Luc 12:23  La vie  est plus que la nourriture, et le corps plus que le vêtement.


Rappelons, du reste, que d’après d’autres textes du Nouveau Testament « aucun aliment n’est à proscrire » et nous renvoyons le lecteur à I Timothée 4 : 4 ; Romains 14 : 14 ; I Corinthiens 8 : 8 ; Hébreux 9 : 10 ; Marc 7 : 18et 19 et passages parallèles.

 

I Corinthiens 10 : 27Si un non-croyant vous invite et que vous acceptiez d'y aller, mangez de tout ce qui vous est offert, sans poser de question par motif de conscience. 

 

L’Apôtre Paul autorisait même, à la condition de ne pas choquer un frère, la consommation des viandes sacrifiées aux idoles, laquelle consommation avait pourtant été clairement interdite au concile de Jérusalem, en 49 apr. J.-C., en même temps que celle des viandes étouffées et du sang (I Corinthiens 8 : 1à13 ; 10 : 23 à33).

Il est en ce cas bien évident que la question de la transfusion sanguine, généralement pratiquée lorsqu’une vie humaine est en danger, n’aurait pas même alors fait l’objet d’un débat.

Notons d’ailleurs que pour tout Juif respectueux de la Loi mosaïque, la question ne se pose même pas : « Lorsqu’il y a doute de danger pour la vie, il faut suivre l’opinion d’indulgence », lit-on dans le Talmud (Shabbat, 129a).


Jésus lui-même n’aurait certainement pas tenu un autre discours. Et rappelons du même coup que, de son temps, le sang (non ingéré) était alors recommandé par les rabbins et utilisé comme remède par les Juifs (voir supra). Il faut bien voir, enfin, que la transfusion n’est pas une ingestion. Lors d’une ingestion, le sang consommé est irrémédiablement détruit et transformé en énergie, alors qu’il reste vivant lors d’une transfusion comme lors d’une greffe d’organe et prend aussitôt ses fonctions dans le nouveau circuit.


Thierry Murcia (Historien)  Spécialiste du christianisme primitif et du judaïsme antique.

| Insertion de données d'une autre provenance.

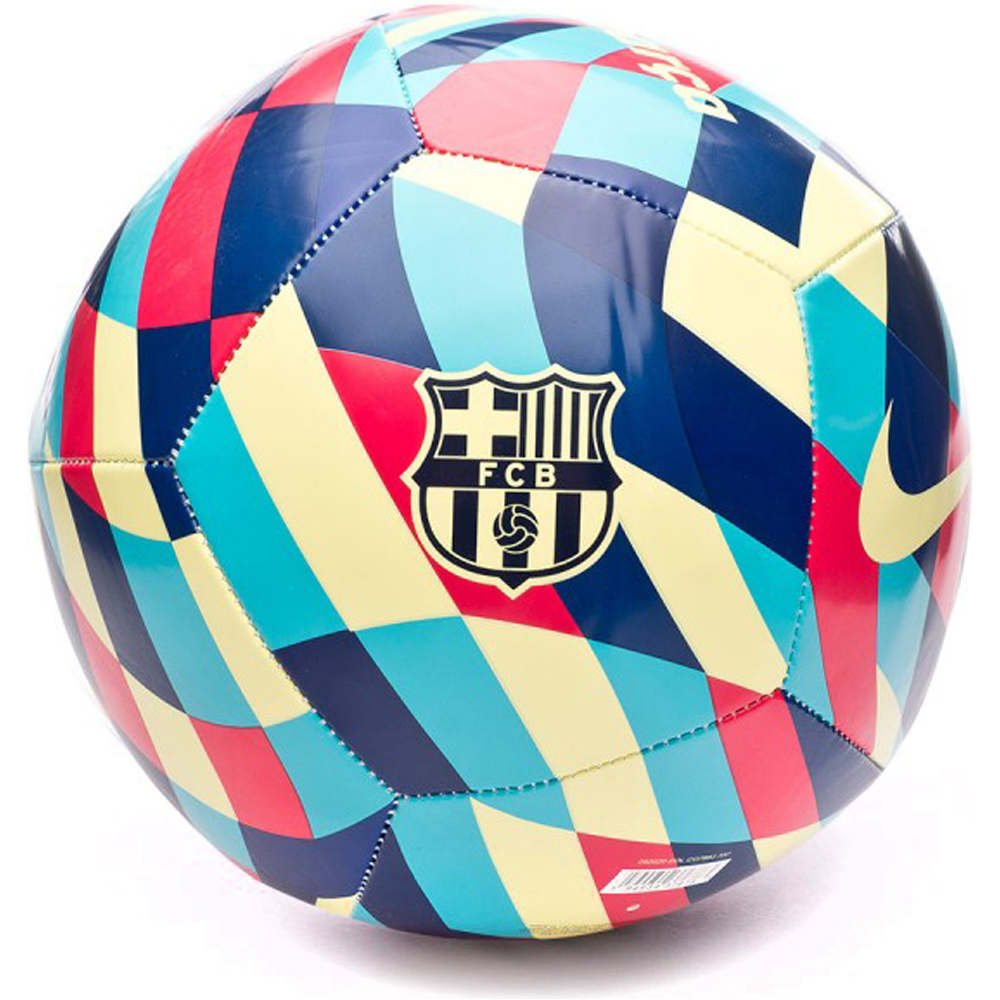 Balon fútbol barcelona 21 nk pitch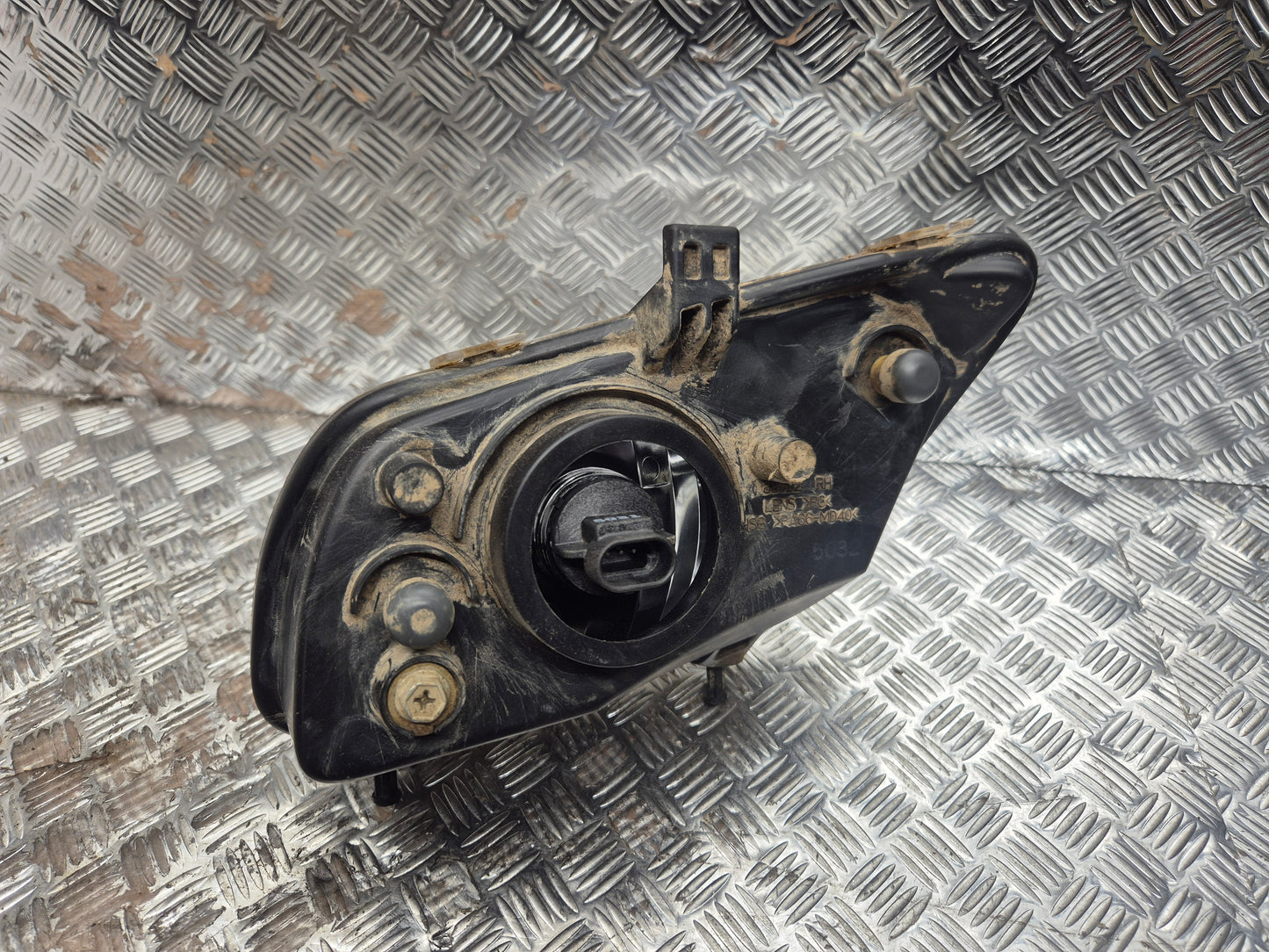 Optique de phare droit HONDA FOURTRAX 350 RANCHER 4X4 2004-2006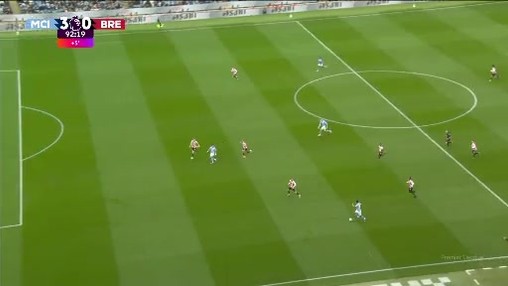 Rezumat Manchester City - Brentford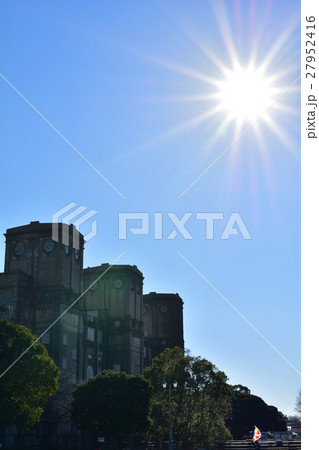 横浜・根岸森林公園 27952416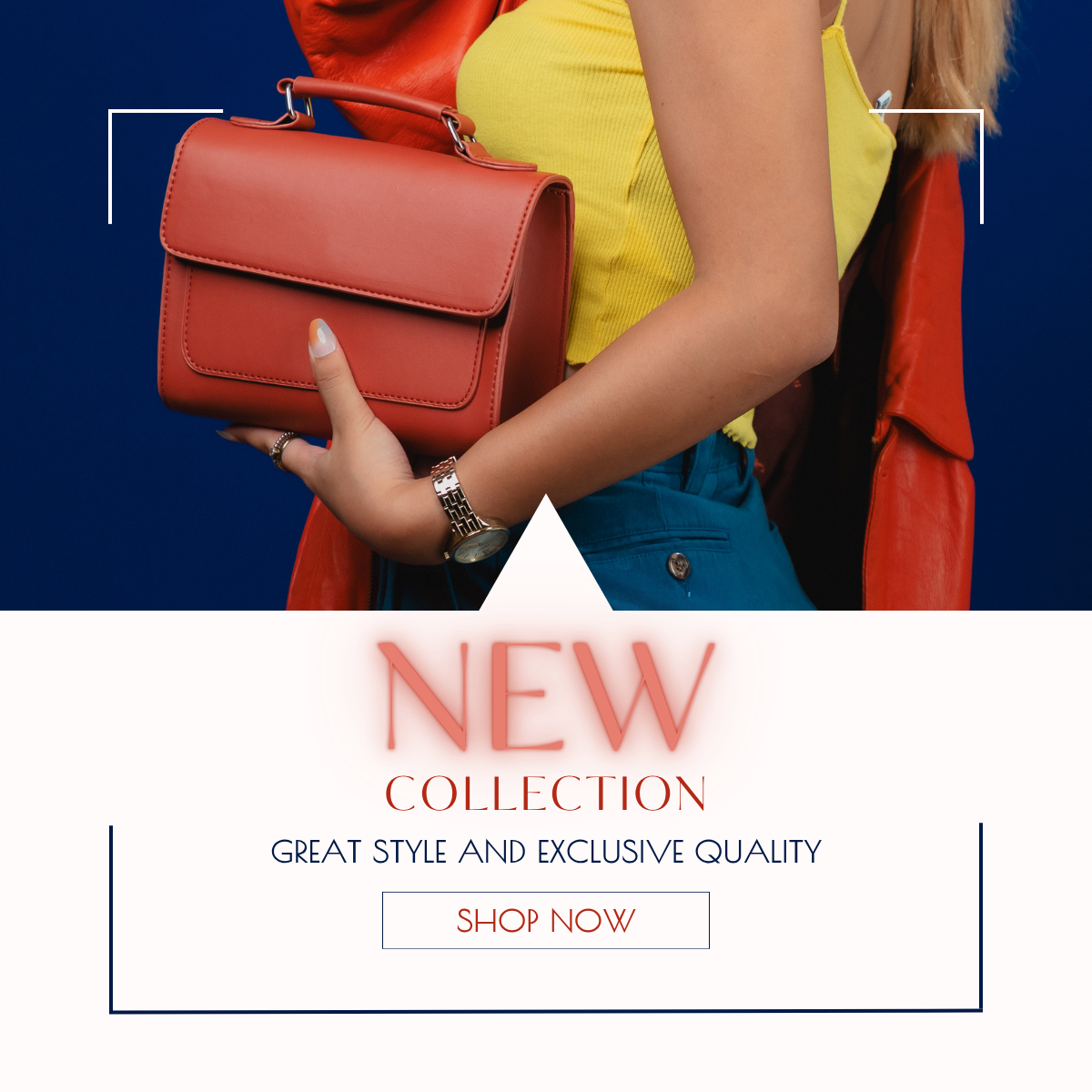 New collection creative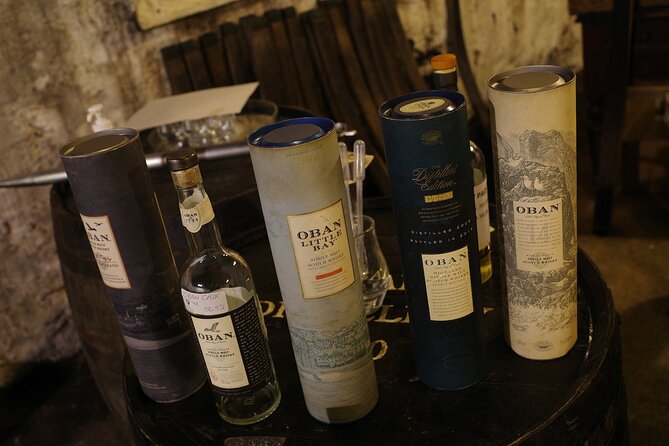 Guided Tour Experience of Oban Local Food, Drink and History - Tour Overview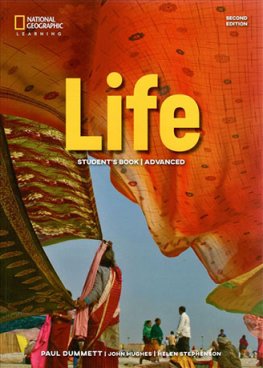 Life 2nd Edition Advanced Student's Book with App Code Life 2nd Edition Advanced Student's Book with App Code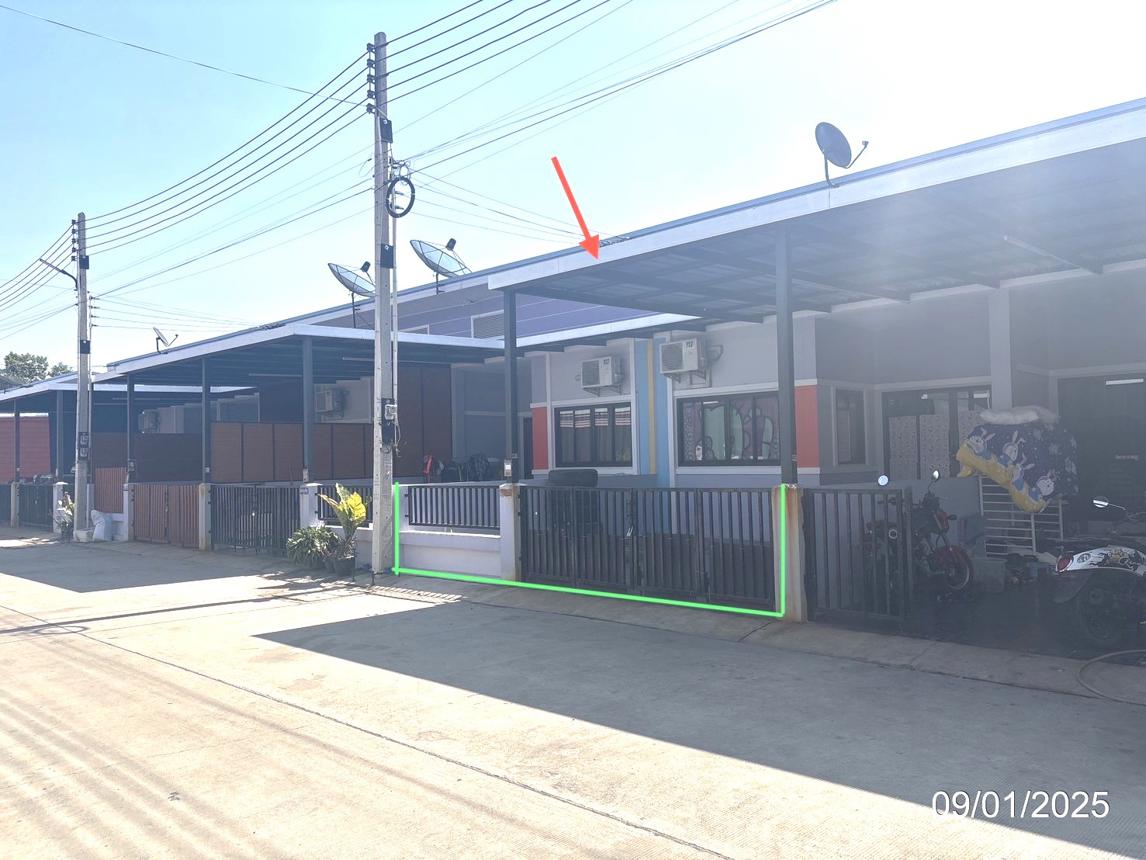 picture TOWN_HOUSE for sale  Mae Nam Khu Pluak Daeng Rayong - 13/24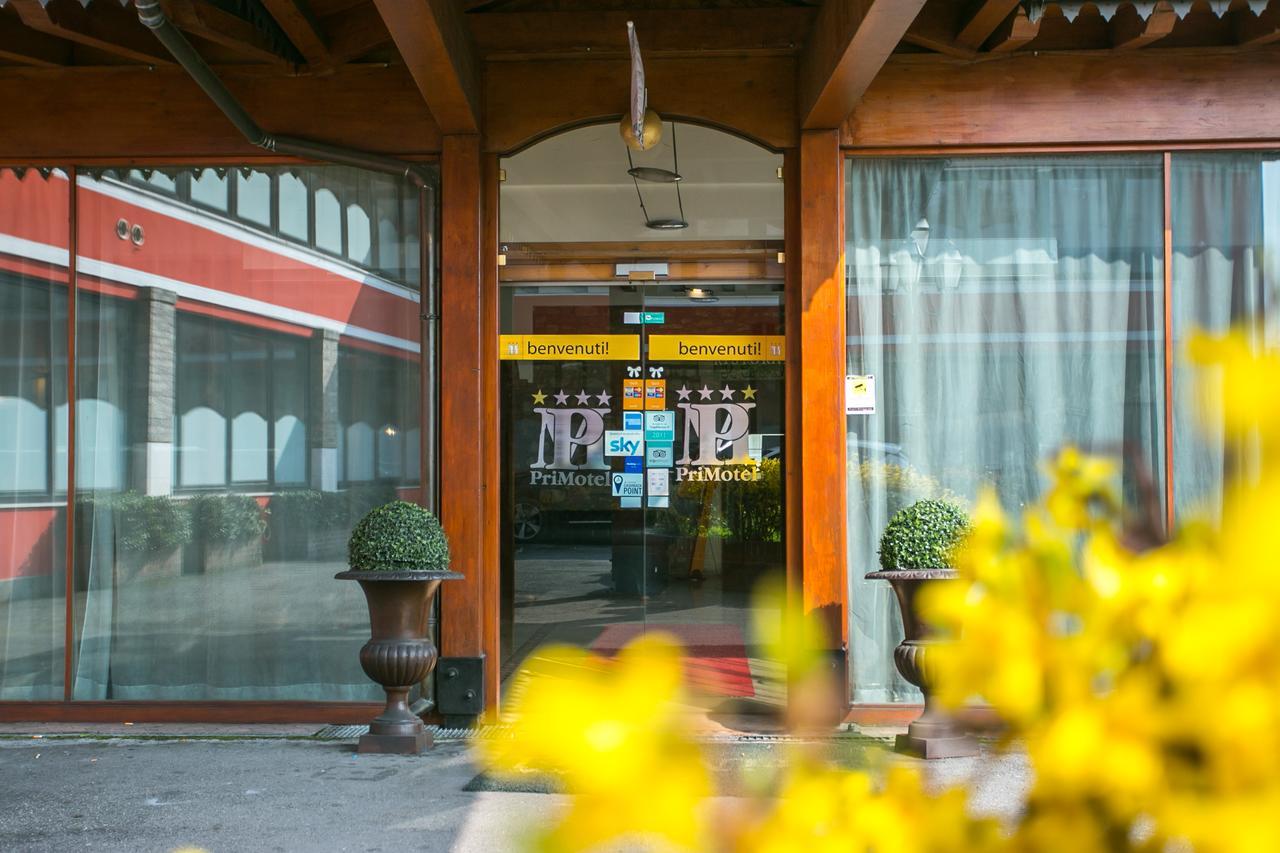 Primotel 브레시아 외부 사진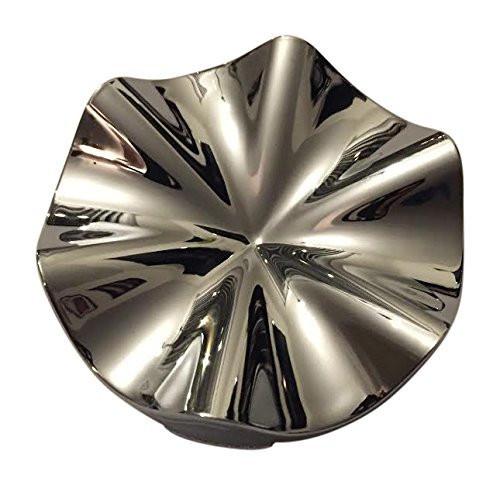 Verde Wheels C-V737475-2085-6H-C Chrome Wheel Center Cap - The Center Cap Store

* Passage de la Mishna à méditer (recueil de législations rabbiniques consignées vers 220 apr. J-C, et appliquées du temps de Jésus) :

« Le sang des bipèdes [dont l’homme] est semblable au sang des animaux [quadrupèdes] en ce qu’il rend les semences réceptives [à l’impureté] et au sang des reptiles [animaux rampants] par le fait que l’on n’est pas coupable en cas de consommation. » Bikourim, II, 7.